### WHAT IS EXPECTED
Beneath this line are entries. Copy the range from the line with "kitchen featuring a" to the line with "Kourtney Kardashian porte", ends included, exactly; leave pictures out.

### INPUT MATERIAL
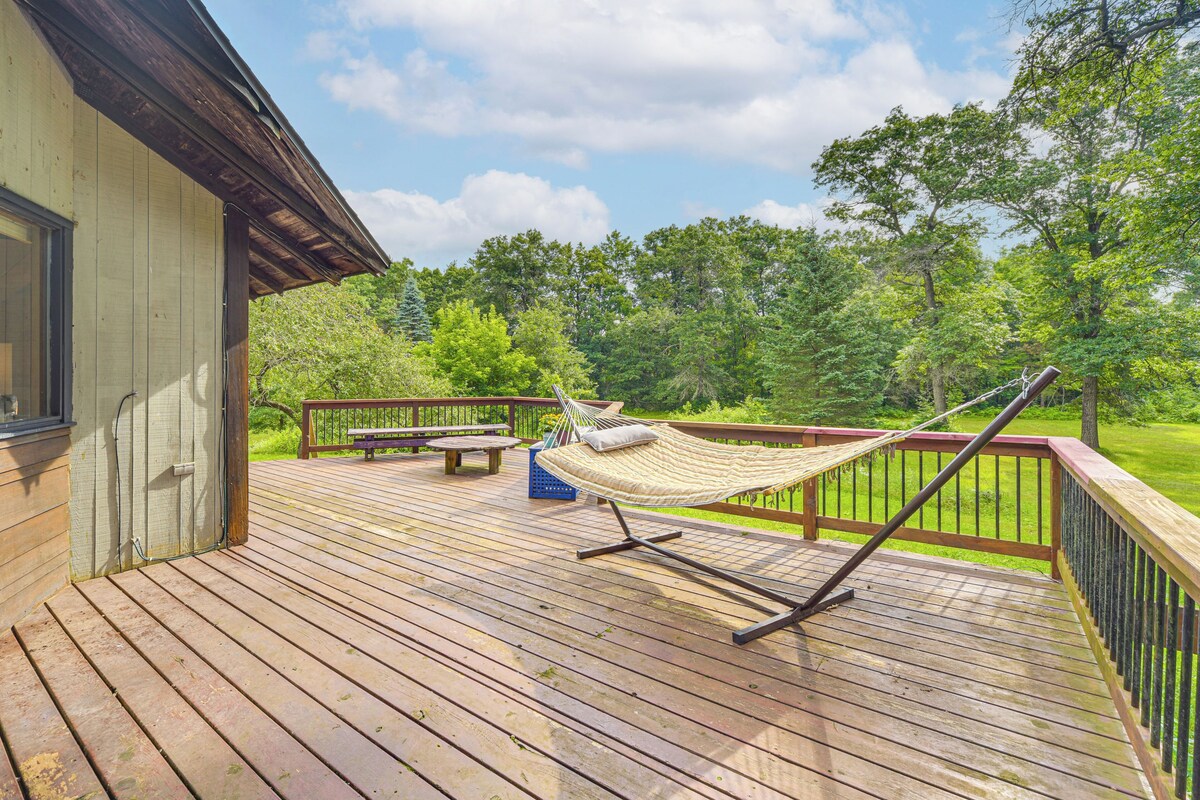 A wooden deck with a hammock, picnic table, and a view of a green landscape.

* * *

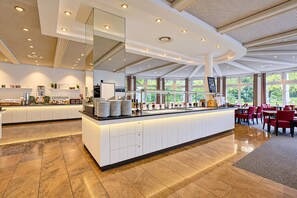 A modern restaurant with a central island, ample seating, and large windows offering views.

* * *

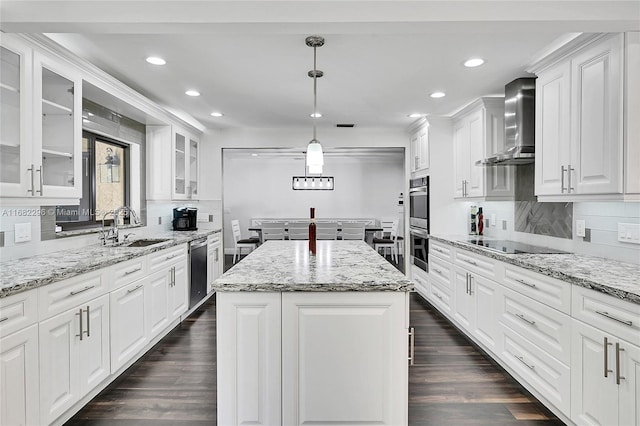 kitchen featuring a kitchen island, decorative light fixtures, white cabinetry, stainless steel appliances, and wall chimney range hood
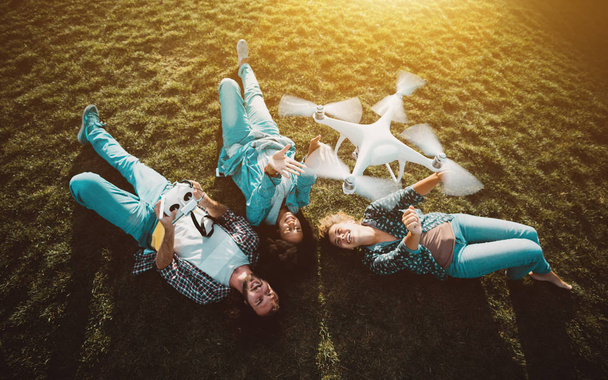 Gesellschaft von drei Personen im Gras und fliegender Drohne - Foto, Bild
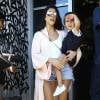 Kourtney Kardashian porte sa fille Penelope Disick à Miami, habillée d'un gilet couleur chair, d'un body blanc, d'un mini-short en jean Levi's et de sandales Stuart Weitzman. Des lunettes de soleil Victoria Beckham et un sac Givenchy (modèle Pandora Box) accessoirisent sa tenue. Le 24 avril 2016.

### SOLUTION FOR THIS PROBLEM
 kitchen featuring a kitchen island, decorative light fixtures, white cabinetry, stainless steel appliances, and wall chimney range hood
 Gesellschaft von drei Personen im Gras und fliegender Drohne - Foto, Bild
 Kourtney Kardashian porte sa fille Penelope Disick à Miami, habillée d'un gilet couleur chair, d'un body blanc, d'un mini-short en jean Levi's et de sandales Stuart Weitzman. Des lunettes de soleil Victoria Beckham et un sac Givenchy (modèle Pandora Box) accessoirisent sa tenue. Le 24 avril 2016.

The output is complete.